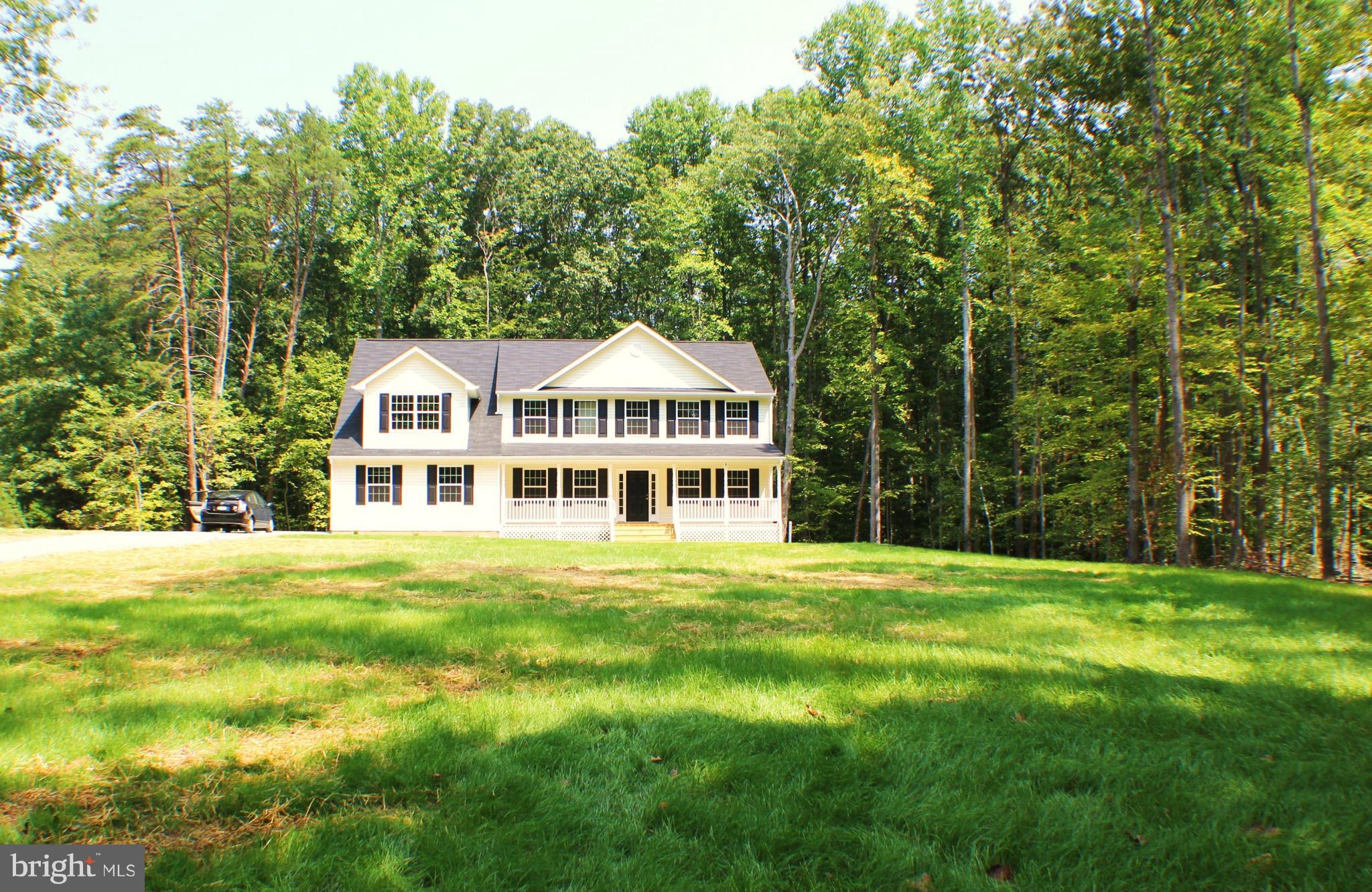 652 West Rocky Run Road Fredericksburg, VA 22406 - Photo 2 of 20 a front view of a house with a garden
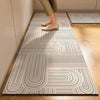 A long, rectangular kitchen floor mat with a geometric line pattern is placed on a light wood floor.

+++++

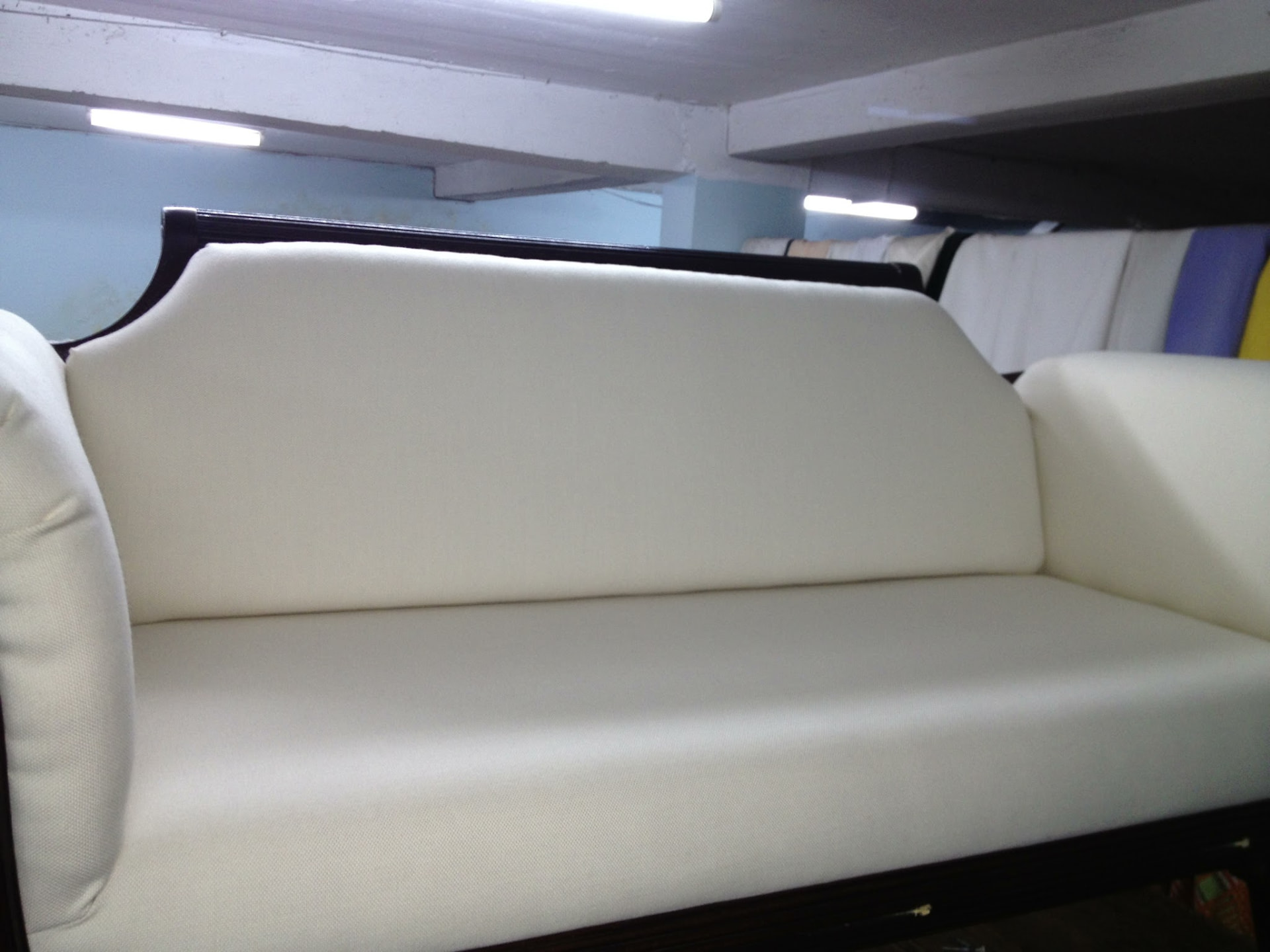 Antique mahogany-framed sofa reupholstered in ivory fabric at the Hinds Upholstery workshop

+++++

**Task item:** What you write out is the stretch of entries from the line containing "652 West Rocky" to the line containing "A long, rectangular", word for word, with both end lines and no pictures.

**Your response:**
 652 West Rocky Run Road Fredericksburg, VA 22406 - Photo 2 of 20 a front view of a house with a garden
 A long, rectangular kitchen floor mat with a geometric line pattern is placed on a light wood floor.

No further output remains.